Esses dias um amigo falou: abortei a missão. Ele
iria deixar as crianças na escola, mas amanheceu com muita chuva (um
toró, como dizemos aqui no Ceará), a cidade estava alagada.
Contei
pro Benki. Ele se espantou: o que você disse? “O tio abortou a
missão”.
Então fomos conversar sobre o significado da
palavra aborto. Expliquei: significa interromper ou encerrar algo,
antes que esteja completo. "Por exemplo: a missão do tio era deixar
vocês na escola, ela não foi completada".
Então quando
uma mulher aborta, ela aborta a gestação, não um bebê. Significa
que ela interrompe um processo no seu corpo, que se completado,
resultaria em um bebê.
Benki já estava bem por dentro do
projeto de lei (PL) 1904. Não sabia que sua aprovação significava
equiparar aborto ao crime de homicídio na legislação, mas já
tinha entendido que era uma forma de diminuir a autonomia das
mulheres sobre seus corpos, e que as meninas vítimas de violência
sexual seriam as mais prejudicadas.
A gravidez, em alguns casos, gera risco físico ou mental para meninas e mulheres, e o direito delas (nosso) de interromper essa gestação é protegido por lei aqui no Brasil.

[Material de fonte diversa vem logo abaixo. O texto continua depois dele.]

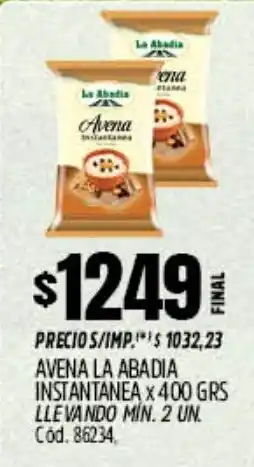 Supermercados Yaguar La abadia avena instantanea oferta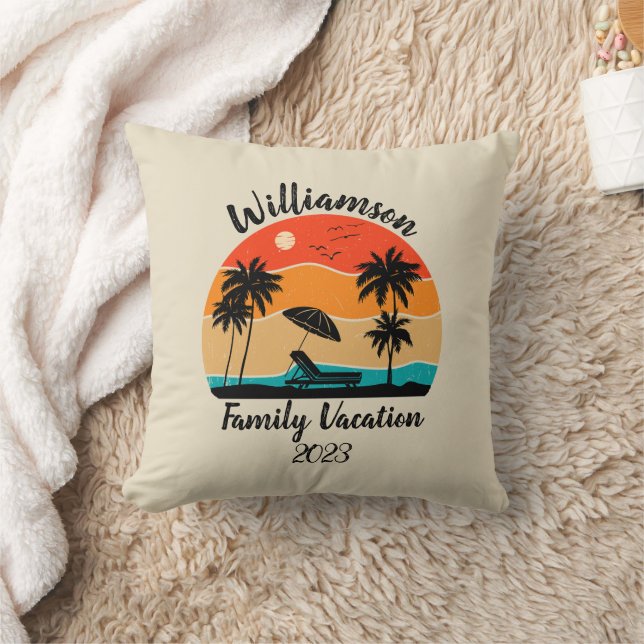 Personalisierter Familienurlaub Kissen (Decke)
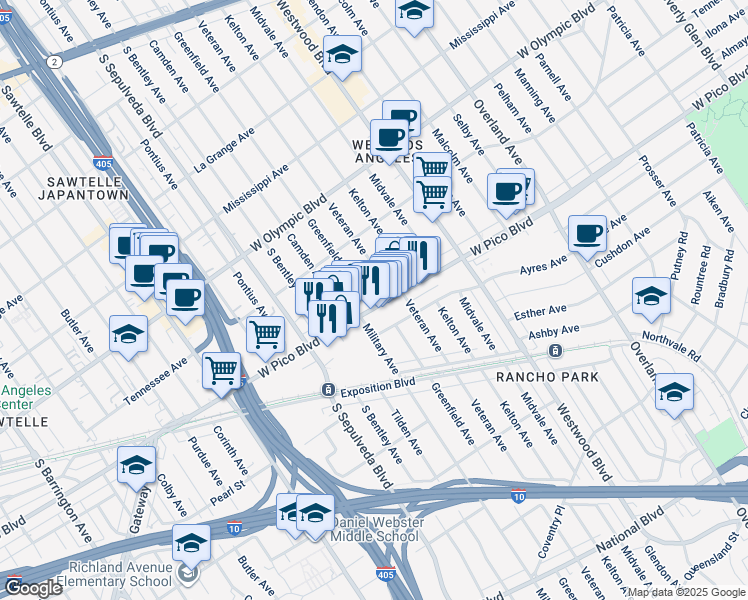 map of restaurants, bars, coffee shops, grocery stores, and more near 11014 West Pico Boulevard in Los Angeles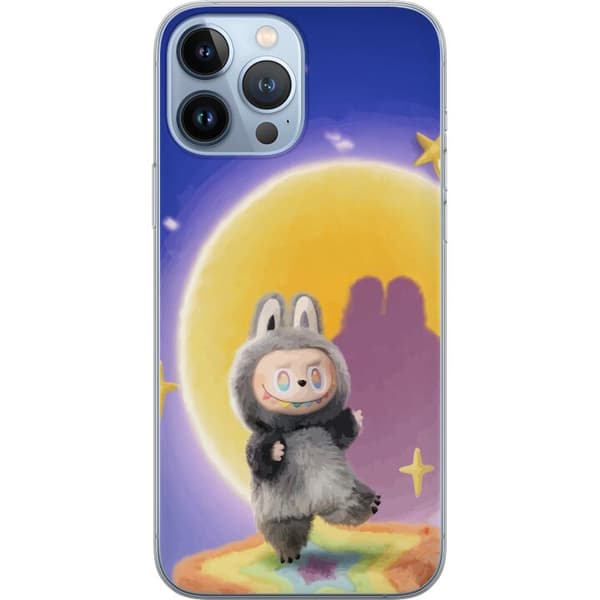 Apple iPhone 13 Pro Max Gjennomsiktig deksel Labubu Neon Pop - Neonfarget pop art-monster
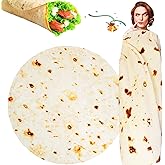 SILUI Tortilla Burrito Blanket White Elephants Gifts for Adults Kids Funny Novelty Gag Food Throw Blanket for Birthday Christmas 300 GSM Flannel Taco Wrap Blanket(71 Inches)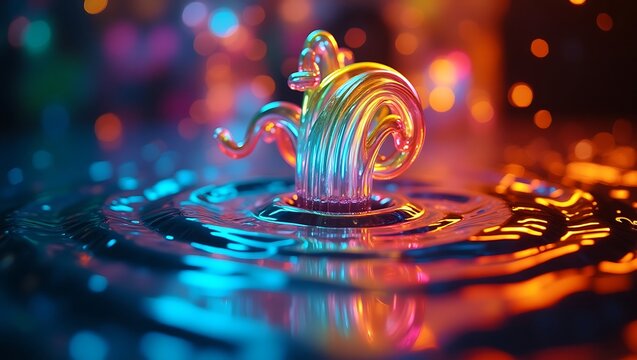 Iridescent Glass Swirl in Rippling Water with Bokeh Lights - Powered by Adobe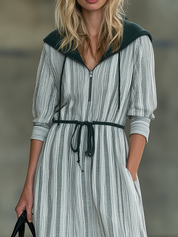 Effortless Chic Striped Hooded Shirt Midi Dress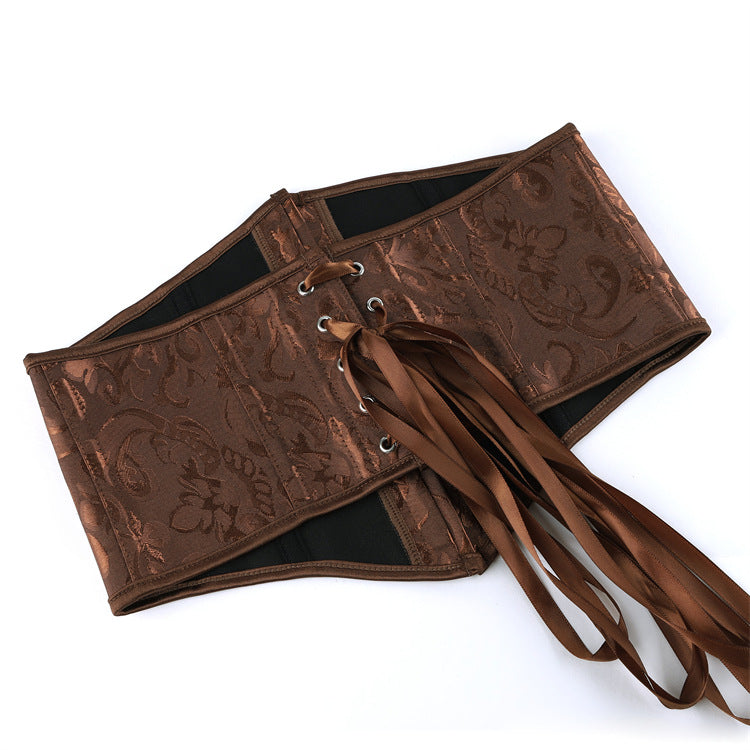 Brown Brocade Underbust Corset Top, alternate view 4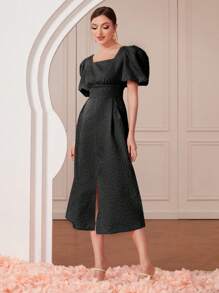 Modelyn Square Neck Puff Sleeve Split Hem Dress - Black - View 4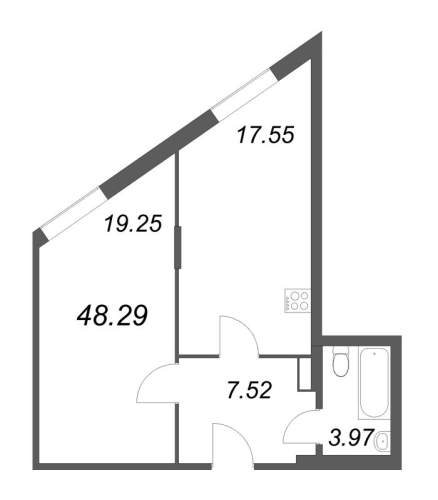 1-комнатная квартира №127 в: Лиговский, 127: 18.43 м²; этаж: 10 - купить в Санкт-Петербурге
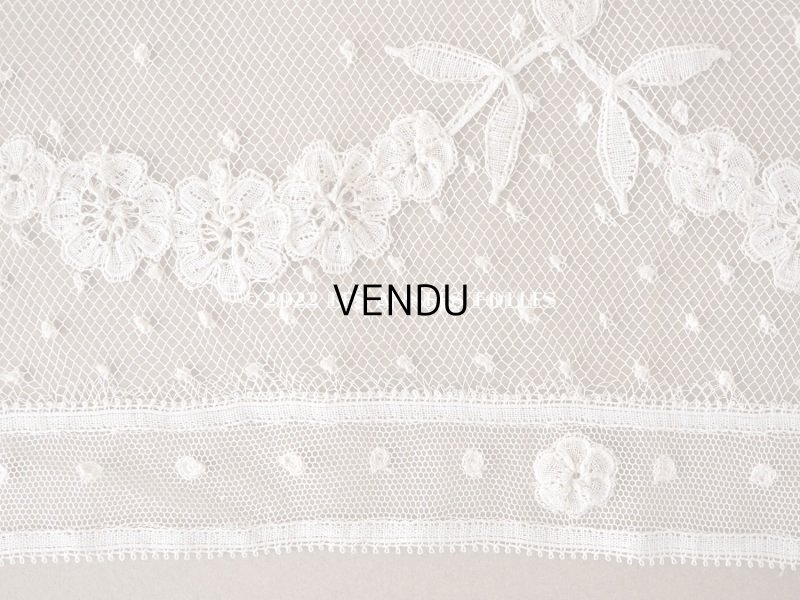 画像15: アンティーク  花のガーランド 幅広 手編みのボビンレース アプリカシオン・アングルテール 1.68m 幅16.4cm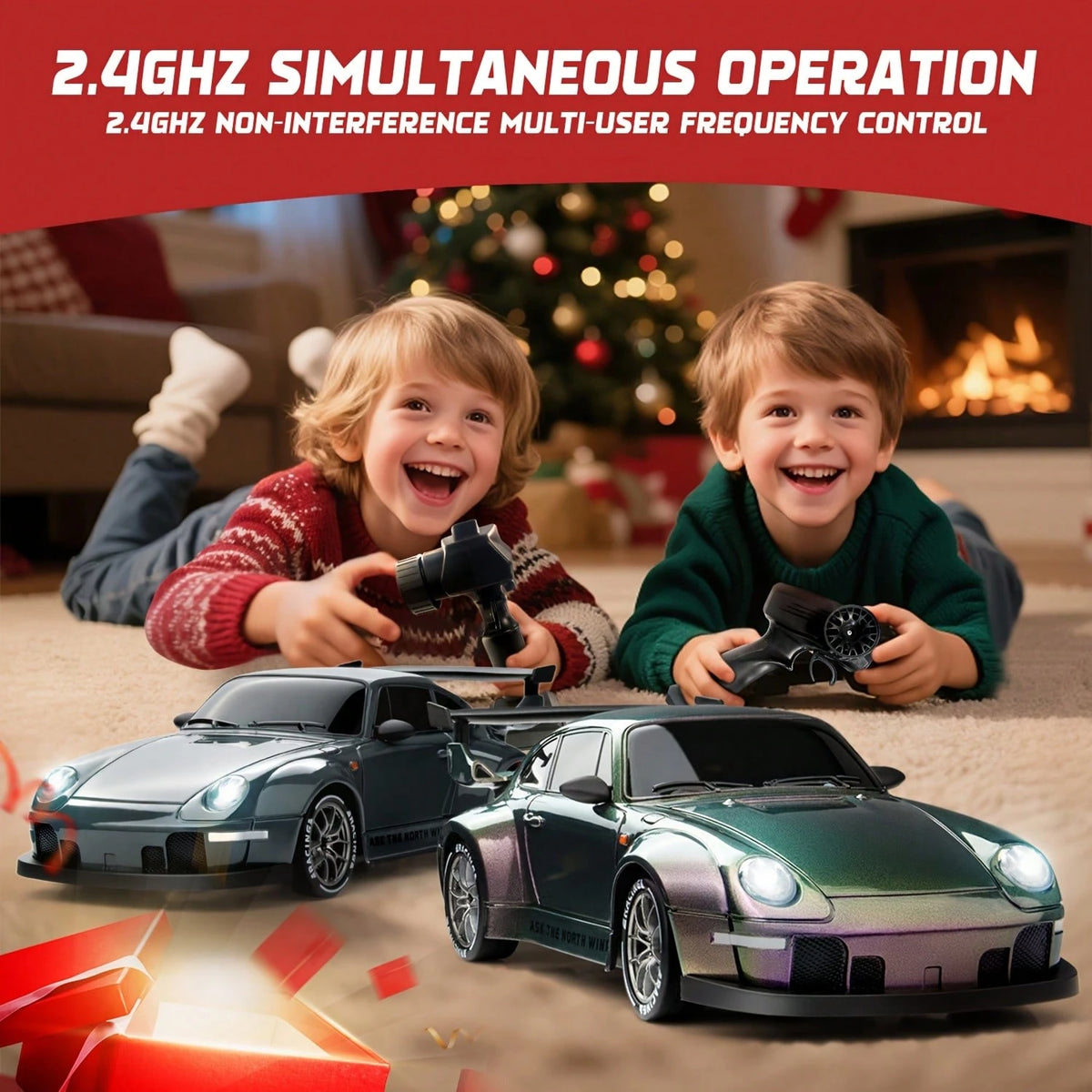 1:24 Remote Control Drift Car With LED Lights, High Speed Drift Racing Car Toy Gift For Boys And Girls, Grey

É o chamado aborto legal, previsto em casos de estupro, risco de vida para a mulher ou quando o feto não possui cérebro (anencefalia).
Em outros países, a compreensão da legislação vai além, e permite à mulher decidir por prosseguir ou interromper a gestação em qualquer condição, mesmo que não tenha sofrido violência sexual.
Quando meu amigo decidiu abortar a missão de levar as crianças pra escola, não é porque ele não acha a escola importante, ou porque ele é contra as crianças estudarem, mas sim porque naquele caso, ele avaliou que fazer o trajeto de casa pra escola trazia mais risco do que benefícios.
Essa ponderação é indispensável em qualquer tomada de decisão, principalmente quando se trata de um processo que acontece dentro do corpo de uma (outra) pessoa.